## Exercise details
From the listing below, reproduce word for word the part that opens with the line containing "Lorcana Ursula - Sea" and closes with the line containing "Custom Tennessee Volunteers"; reproduce nothing else.

── Input data ──

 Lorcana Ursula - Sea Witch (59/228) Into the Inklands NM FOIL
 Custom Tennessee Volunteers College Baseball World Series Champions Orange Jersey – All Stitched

───
── Input data ──

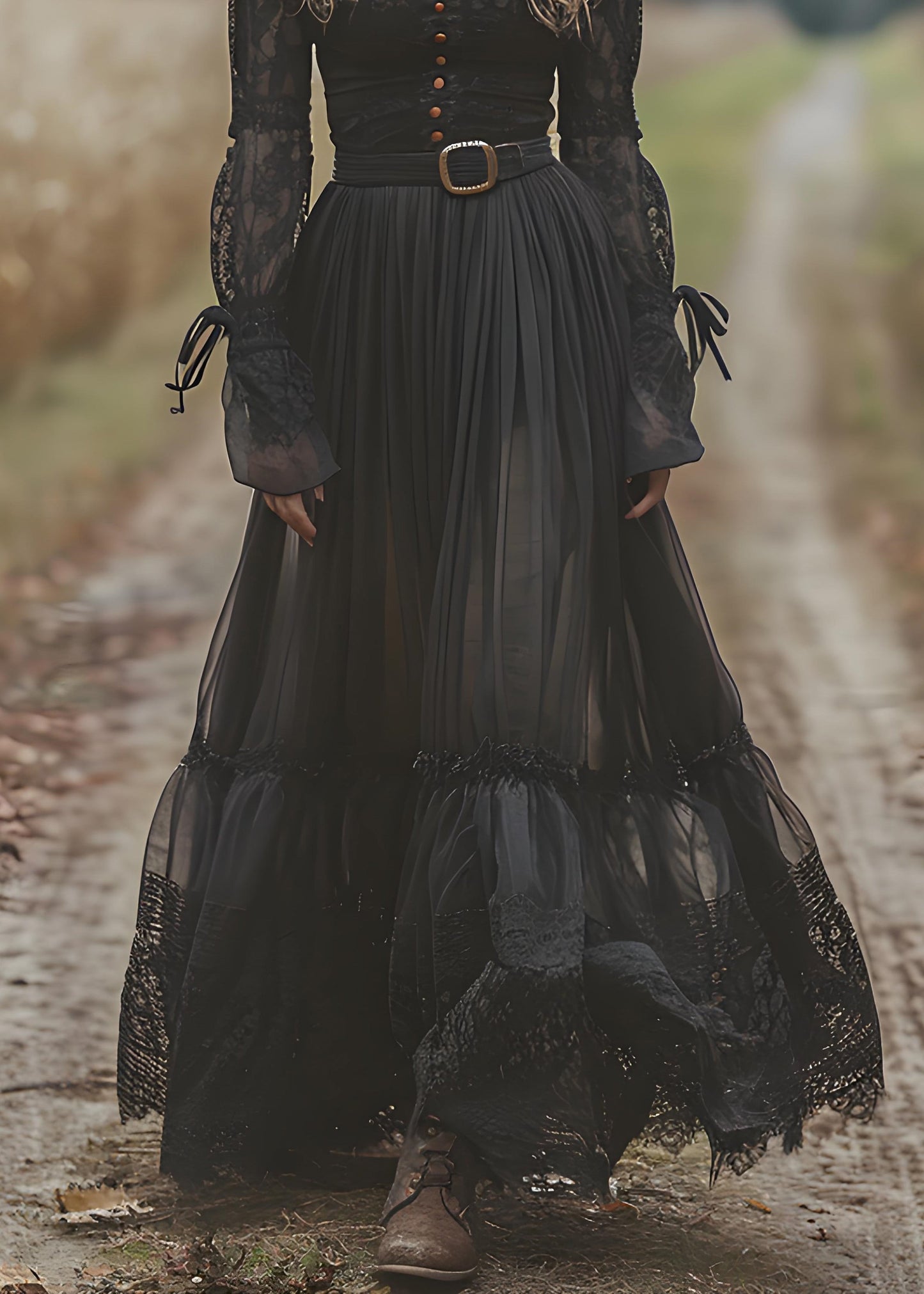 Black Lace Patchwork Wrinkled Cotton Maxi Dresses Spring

───

## Finished exercise
 Lorcana Ursula - Sea Witch (59/228) Into the Inklands NM FOIL
 Custom Tennessee Volunteers College Baseball World Series Champions Orange Jersey – All Stitched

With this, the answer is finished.